Crowdsourcing Integration

Potato can be seamlessly deployed online to collect annotations from common crowdsourcing platforms like Prolific and Amazon Mechanical Turk.

Setup Potato on a Server

To run Potato in a crowdsourcing setup, you need to deploy Potato on a server with open ports (ports accessible via the open internet). When you start the Potato server, simply change the default port to an openly accessible port:

potato start your-project -p 8080

You should then be able to access the annotation page via your_ip_address:the_port.


Prolific Integration

Prolific is a platform where you can easily recruit task participants. Potato provides seamless integration with Prolific through:

  1. URL-Direct Login: Automatic login using Prolific's URL parameters
  2. Completion Codes: Built-in support for completion code display and redirect
  3. Prolific API Integration: Optional automatic study management via Prolific's API

Quick Start: Minimal Prolific Setup

For a basic Prolific integration, you only need to add two configuration options to your YAML file:

# Enable URL-direct login (extracts PROLIFIC_PID from URL)
login:
  type: url_direct
  url_argument: PROLIFIC_PID  # Optional, this is the default

# Your Prolific completion code
completion_code: "YOUR-PROLIFIC-CODE"

With this configuration: - Workers arriving from Prolific are automatically logged in using their PROLIFIC_PID - No password is required (automatically disabled for URL-direct login) - When workers complete all tasks, they see a completion page with: - The completion code displayed prominently (click to copy) - A "Return to Prolific" button that redirects them to submit their completion

URL-Direct Login

When workers click your study link on Prolific, they arrive at a URL like:

https://your-server:8080/?PROLIFIC_PID=abc123&SESSION_ID=xyz789&STUDY_ID=study456

Potato automatically: 1. Extracts the worker ID from the URL parameter 2. Creates a session for the worker (no login form needed) 3. Initializes their annotation state 4. Routes them to the first phase (consent, instructions, or annotation)

Configuration Options

login:
  type: url_direct           # or "prolific" for full API integration
  url_argument: PROLIFIC_PID # URL parameter name to extract username from
                             # Can be customized for MTurk (workerId) etc.

Supported Login Types

Type Description
standard Default login form (username/password)
url_direct Extract username from URL parameter
prolific URL-direct login + Prolific API integration

Completion Code Setup

Potato provides a built-in completion page that displays your Prolific completion code:

# Simple completion code (shown on done page)
completion_code: "YOUR-PROLIFIC-CODE"

# Optional: Auto-redirect to Prolific after completion
auto_redirect_on_completion: true
auto_redirect_delay: 5000  # milliseconds (default: 5000)

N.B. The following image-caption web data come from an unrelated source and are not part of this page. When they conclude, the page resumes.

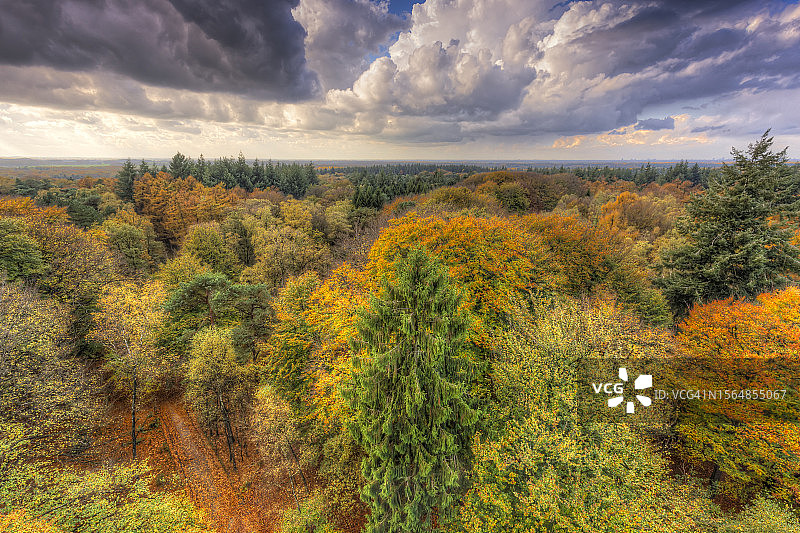 从荷兰德里贝亨附近的德卡普有利位置看乌特勒支山丘上的秋叶图片素材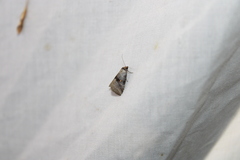 Hyperstrotia flaviguttata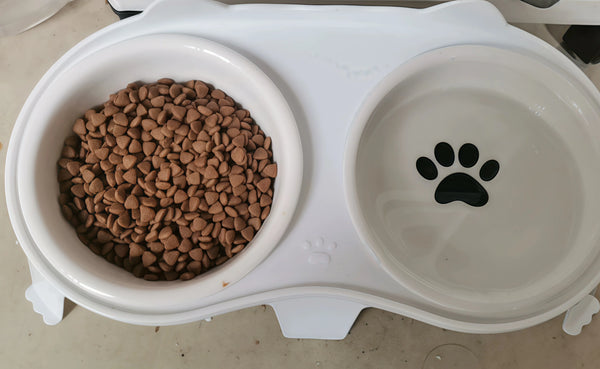 Game-Changer for My Senior Cat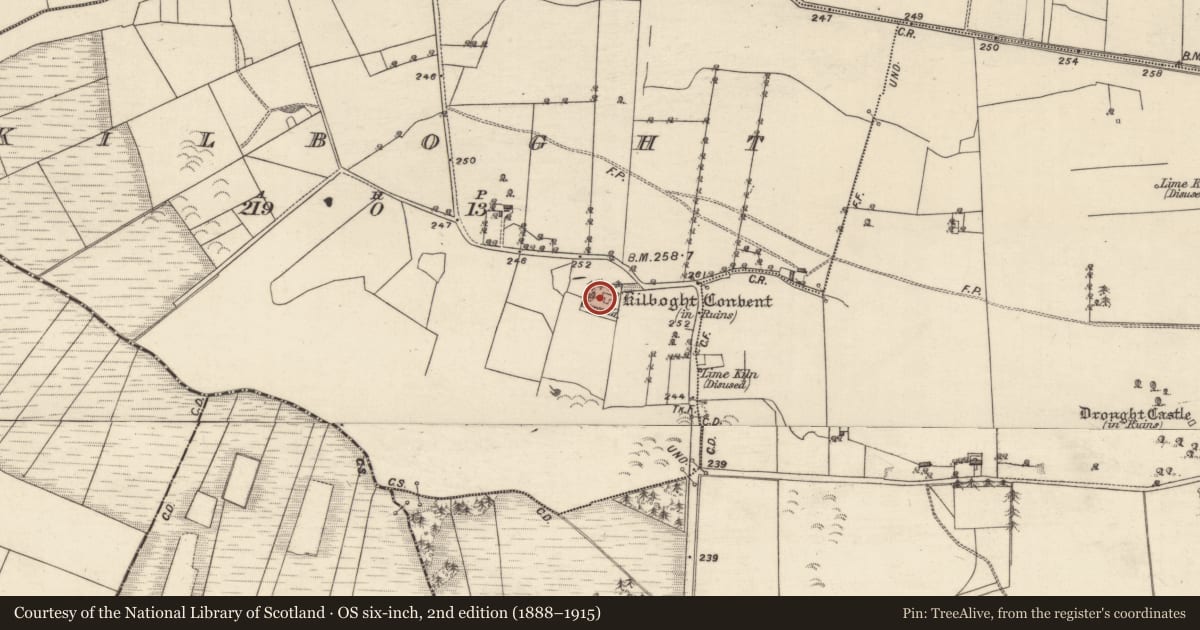 Ordnance Survey six-inch map, 2nd edition (1888–1915) covering the location of Graveyard, Kilboght, County Galway, with a pin at the register's coordinates
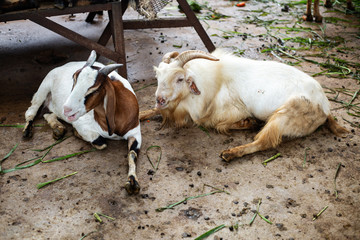 Naklejka na ściany i meble Goat closeup face friendly - zoo animal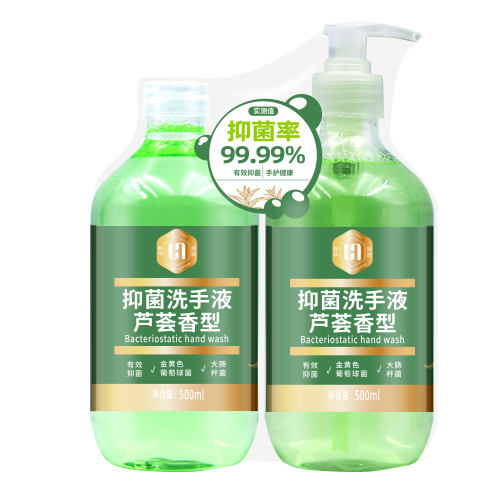 Tasy她树抑菌洗手液芦荟香型洗手液500ml
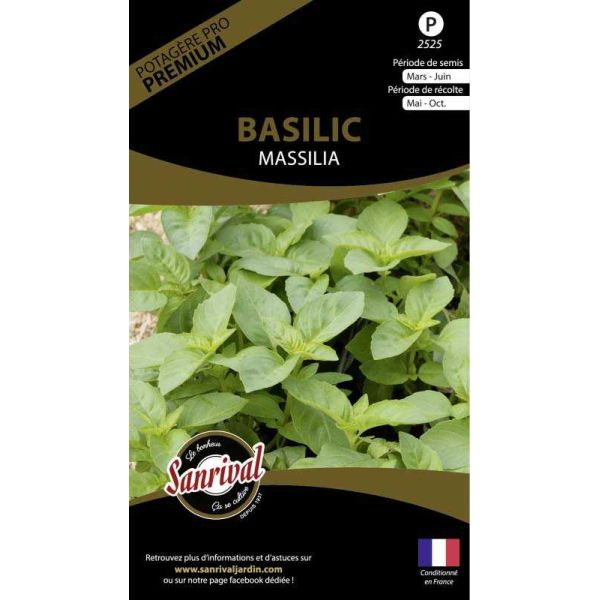 Graines potagères premium basilic Massilia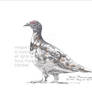 RockPtarmigan036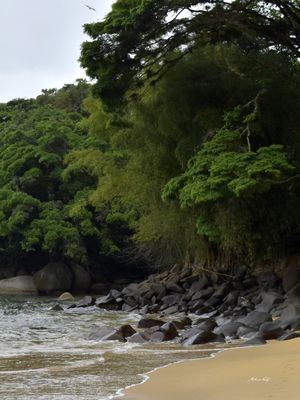 PRAINHA - RJ (DÍPTICO 2-2)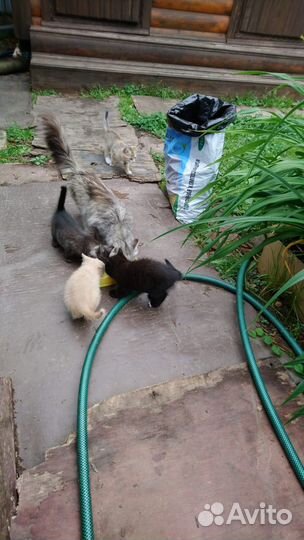 Кошка и котята в добрые руки. Бесплатно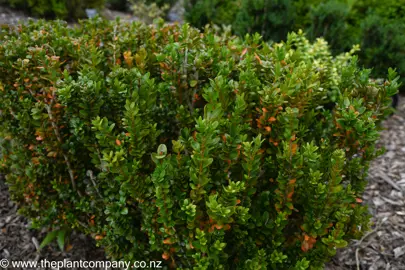 Buxus 'Green Gem' low hedge.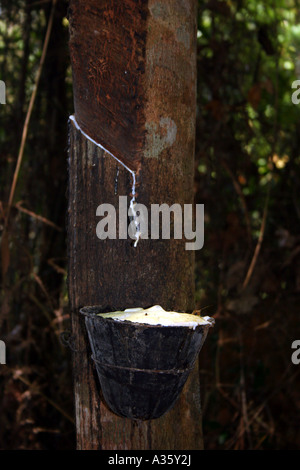 L'écoulement de latex dans une tasse de coupes dans l'écorce de l'arbre à caoutchouc en Malaisie Banque D'Images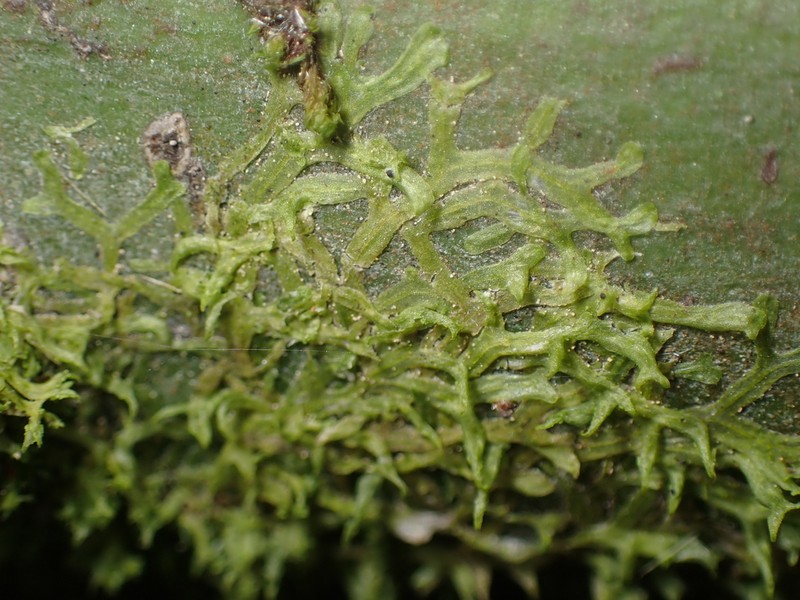 Metzgeria temperata photo 3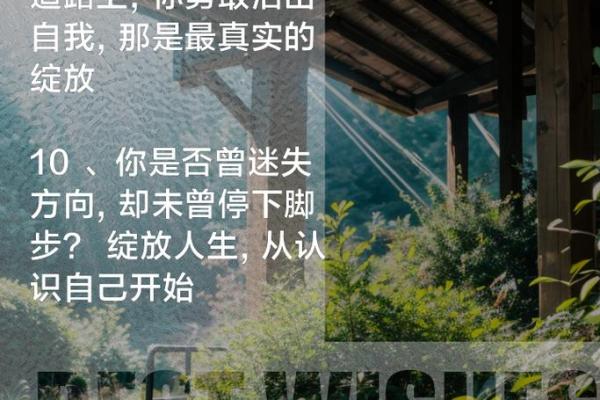 1992年是什么命：命运与人生的精彩探寻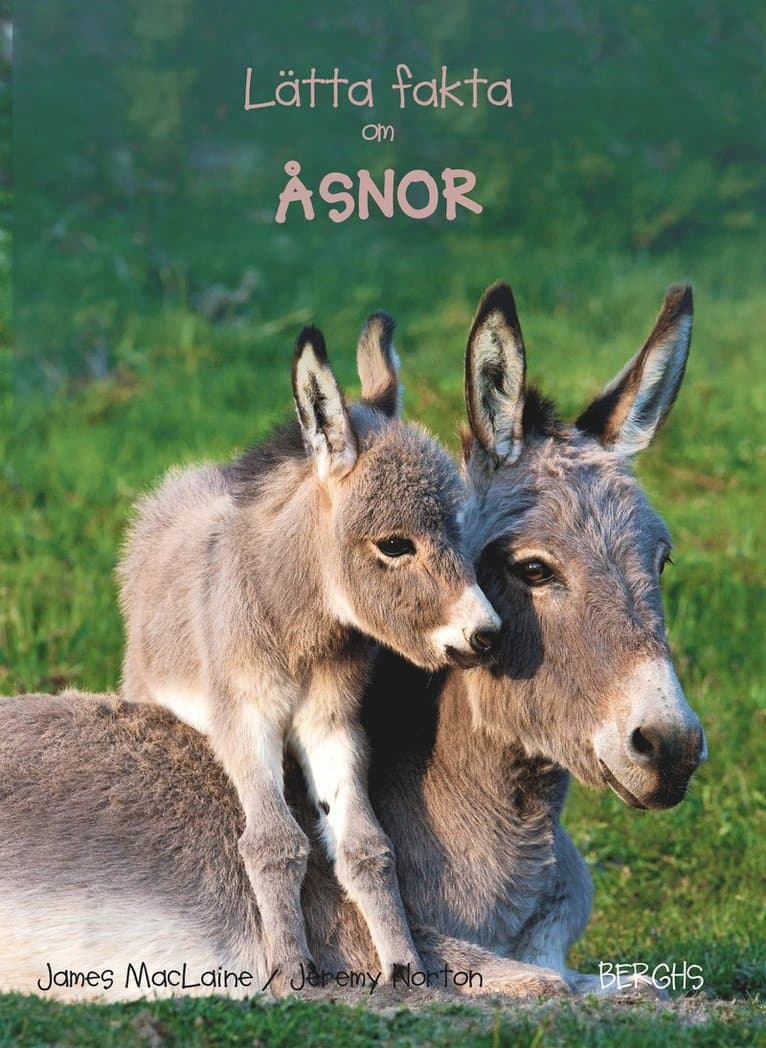 Lätta fakta om åsnor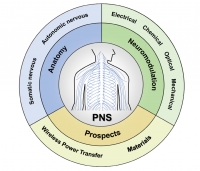 [2024] Neuromodulation of the Peripheral Nervous System: Bioelectronic Technology and Prospective Developments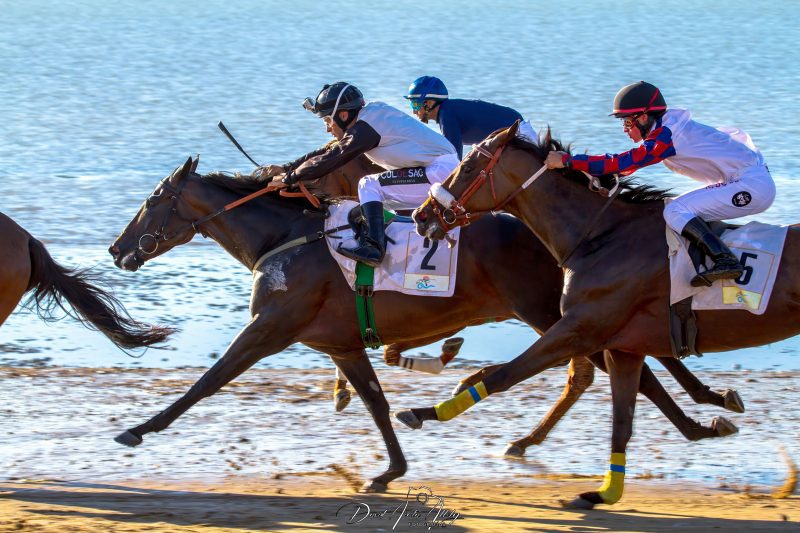 Carreras de caballos de Sanlúcar, 2014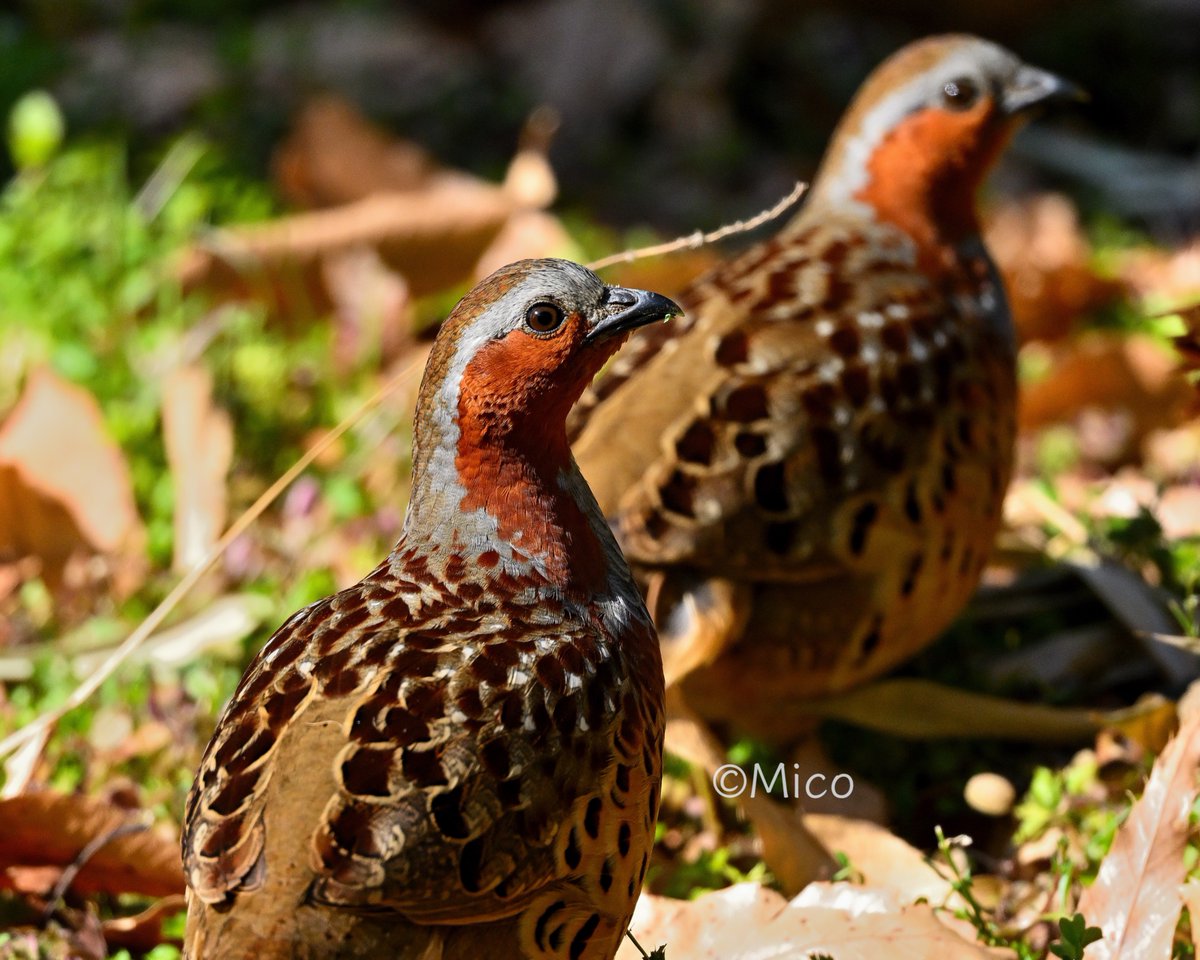2月12日(木)☁️4.3℃ 19:45 #Bamboopartridge #小綬鶏 名前由来の古代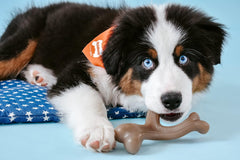 Nylabone Gourmet Style Wishbone Strong Chew Toy for Puppies, Peanut Butter Flavor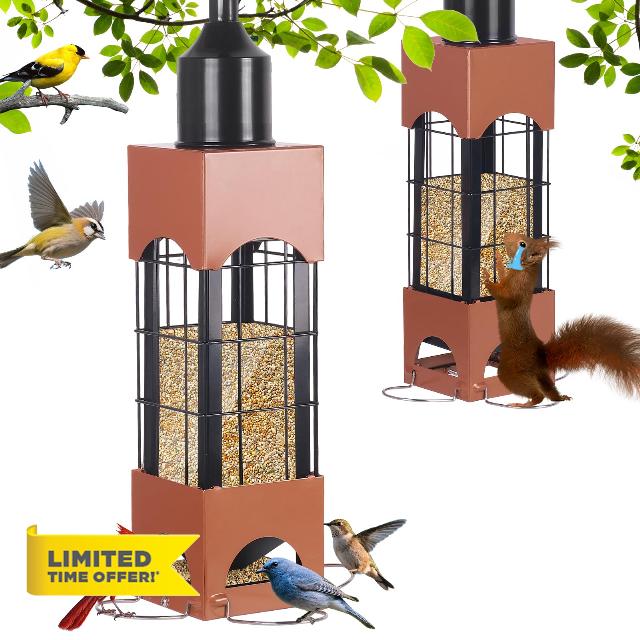 Squirrel Proof Bird Feeders for Outdoors Hanging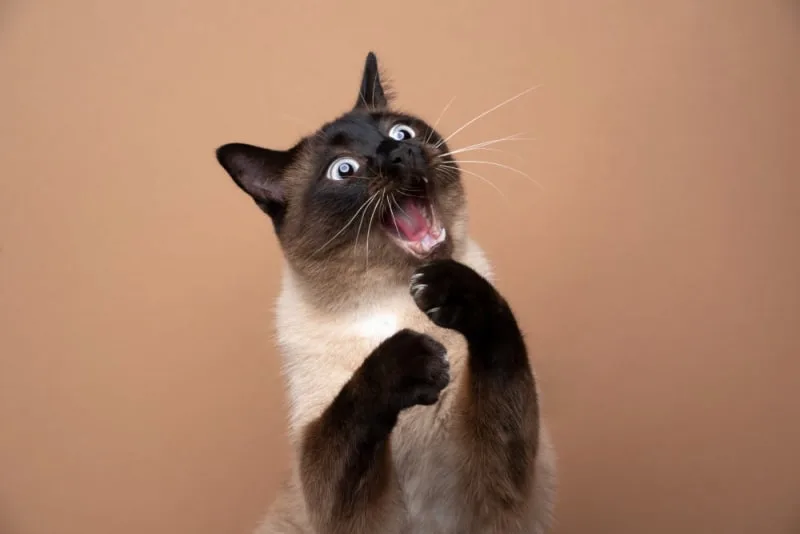 Why Does My Cat's Breath Smell Bad?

The completion page features: - Large, prominent display of the completion code - Click-to-copy functionality - "Return to Prolific" button that redirects to https://app.prolific.com/submissions/complete?cc=YOUR-CODE - Optional auto-redirect after a configurable delay

Full Configuration Example

Here's a complete configuration for a Prolific study:

# Task identification
annotation_task_name: "My Prolific Study"

# Prolific login settings
login:
  type: url_direct
  url_argument: PROLIFIC_PID

# Completion settings
completion_code: "ABC123XYZ"
auto_redirect_on_completion: false  # Set to true for auto-redirect

# Hide navigation to prevent workers from skipping
hide_navbar: true
jumping_to_id_disabled: true

# Phase configuration
phases:
  order:
    - consent
    - instructions
    - annotation
  consent:
    file: data/consent.html
  instructions:
    file: data/instructions.html
  annotation:
    type: annotation

# Automatic task assignment for crowdsourcing
assignment_strategy: random
max_annotations_per_user: 10
max_annotations_per_item: 3

# Data files
data_files:
  - data/items.json

# Output
output_annotation_dir: annotation_output/

Advanced: Prolific API Integration

For larger studies, Potato can integrate with Prolific's API to automatically manage your study:

  • Release slots from returned/timed-out/rejected workers
  • Pause the study when server load is high
  • Resume when load decreases
  • Automatically pause when the study is complete

When Prolific submission status is refreshed, Potato also releases any assigned-but-unannotated items from workers whose submissions are RETURNED, TIMED-OUT, or REJECTED, so abandoned batches can be assigned to other workers. Annotations already completed by those workers are preserved.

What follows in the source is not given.